» Source data:
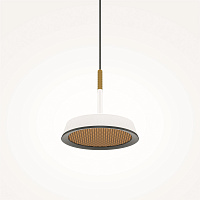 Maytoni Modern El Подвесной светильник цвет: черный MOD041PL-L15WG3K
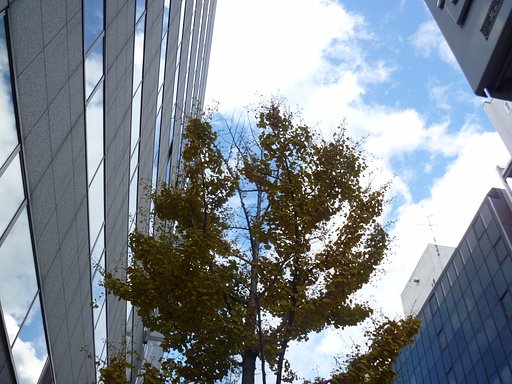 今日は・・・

...

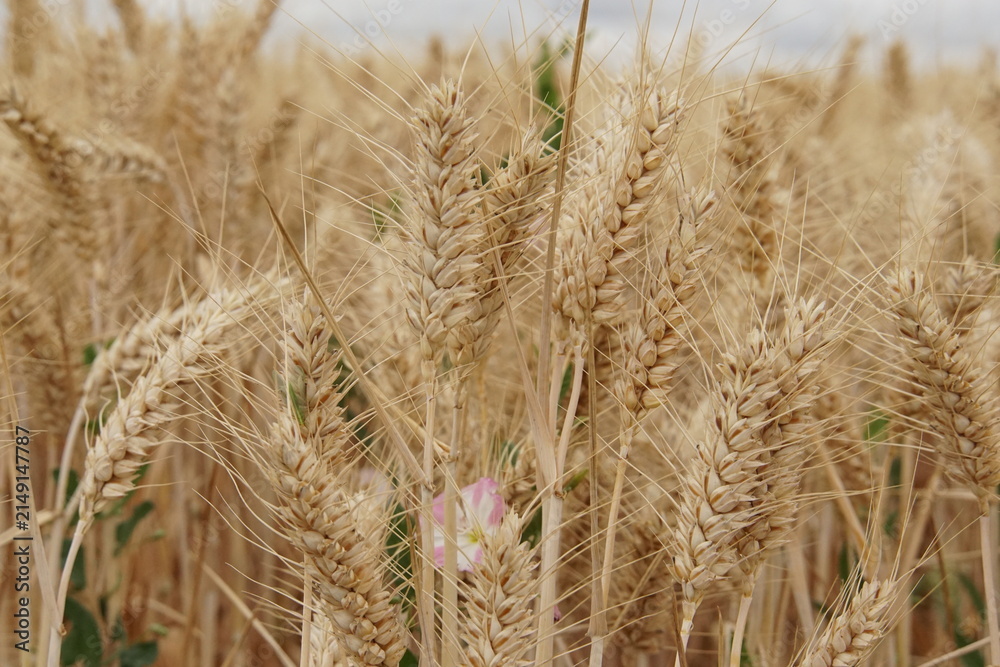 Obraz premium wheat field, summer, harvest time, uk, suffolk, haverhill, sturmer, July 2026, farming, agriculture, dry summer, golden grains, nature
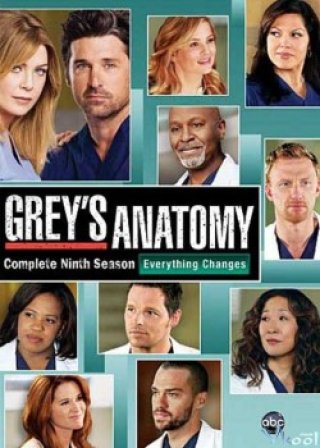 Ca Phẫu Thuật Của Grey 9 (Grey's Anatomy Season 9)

» What the task requires:
In the records above, find the line with "Obraz premium wheat" and the line with "Ca Phẫu Thuật"; please transcribe exactly those two lines and all lines between them, omitting any picture.

» Exercise answer:
 Obraz premium wheat field, summer, harvest time, uk, suffolk, haverhill, sturmer, July 2026, farming, agriculture, dry summer, golden grains, nature
 Ca Phẫu Thuật Của Grey 9 (Grey's Anatomy Season 9)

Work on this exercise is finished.